In This Article
What is SSE (Streaming SIMD Extensions)?
SSE, an acronym for Streaming Single Instruction Multiple Data Extensions, refers to specific types of instructions that are used by the multimedia programs. It was used in the Intel Pentium III processors for the first time.
Streaming SIMD Extensions is actually a particular type of processor technology. This facilitates, just as the name suggests, handling multiple data sets with one single instruction.
- Streaming Single Instruction Multiple Data Extensions is a particular type of technology used extensively by modern processors to enhance multimedia performance.
- Over time, Streaming SIMD Extensions was extended to create newer versions of it. This includes SSE2, SSE3 and SSSE3, and SSE4 and comes with better features and enhanced functionalities.
- SSE was originally introduced in Intel Pentium III processors in 1999 but the later processors were equipped with its higher versions.
- Due to the SIMD feature, SSE offers a lot of other additional performance benefits as well, such as reduced operational time, higher speed, and reduced complexity in design.

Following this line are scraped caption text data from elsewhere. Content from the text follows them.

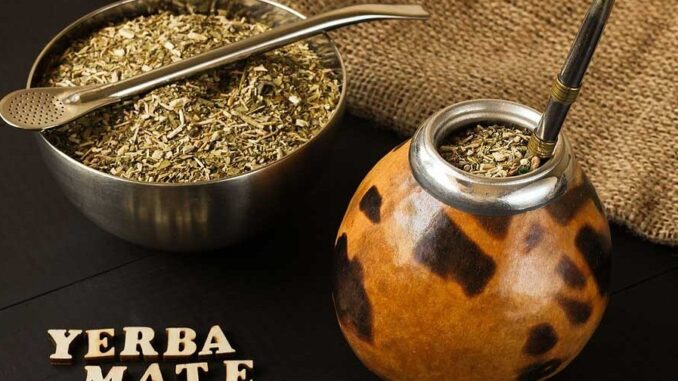 yerba regulacion
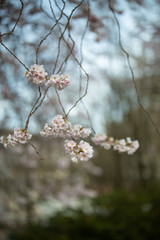 Branch of a blossoming tree with beautiful pink flowers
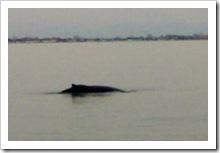 balena-grado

- SSE can handle both packed floating and scalar instructions typically involving arithmetic operations, data shuffling, comparison, logical operation, data movement, cache and memory management and lots more.
Understanding Streaming SIMD Extensions (SSE)
Streaming SIMD Extensions is a processor technology that handles several data sets with only one instruction.
It was initially known as Internet Streaming SIMD Extensions or ISSE. It was first included in the Intel Pentium III processor in 1999.
On the processors of the earlier days, only one single data element could be processed in each instruction.
However, with the use of SSE, now the processors can handle a large number of data sets and not have to use a wide range of instructions for that purpose.
This offers significant benefits such as:
- It reduces operational time
- It enhances the performance of the CPU by increasing its speed
- It reduces design complexity
- It enables processing more data within a short amount of time
- It enhances multimedia performance of the system.
Ideally, this specific extension technology was designed with the prime intention to replace MultiMedia eXtensions or MMX technology.
However, both MMX and SSE instructions can be mixed because the latter is actually an extension of the former.
And, such a combination of instructions will not have any adverse effect on the performance of the system.
In the Streaming SIMD Extensions there are a set of instructions and registers added to Intel processor chips.
These registers are of a special kind and allow calculating various sets of floating point data and integers at the same time.
Perhaps the best thing about SSE is that it can handle all regular types of data which even includes the following:
- Double precision floating point
- Any integer from 8 bits to 128 bits
Initially, the Intel Pentium III processors in which SSE was included for the first time had 128-bit integer registers in them along with 70 fresh instructions.
However, over time, the design of Streaming SIMD Extensions evolved and in the subsequent versions, eight more registers were included for the 64-bit processors along with further instructions.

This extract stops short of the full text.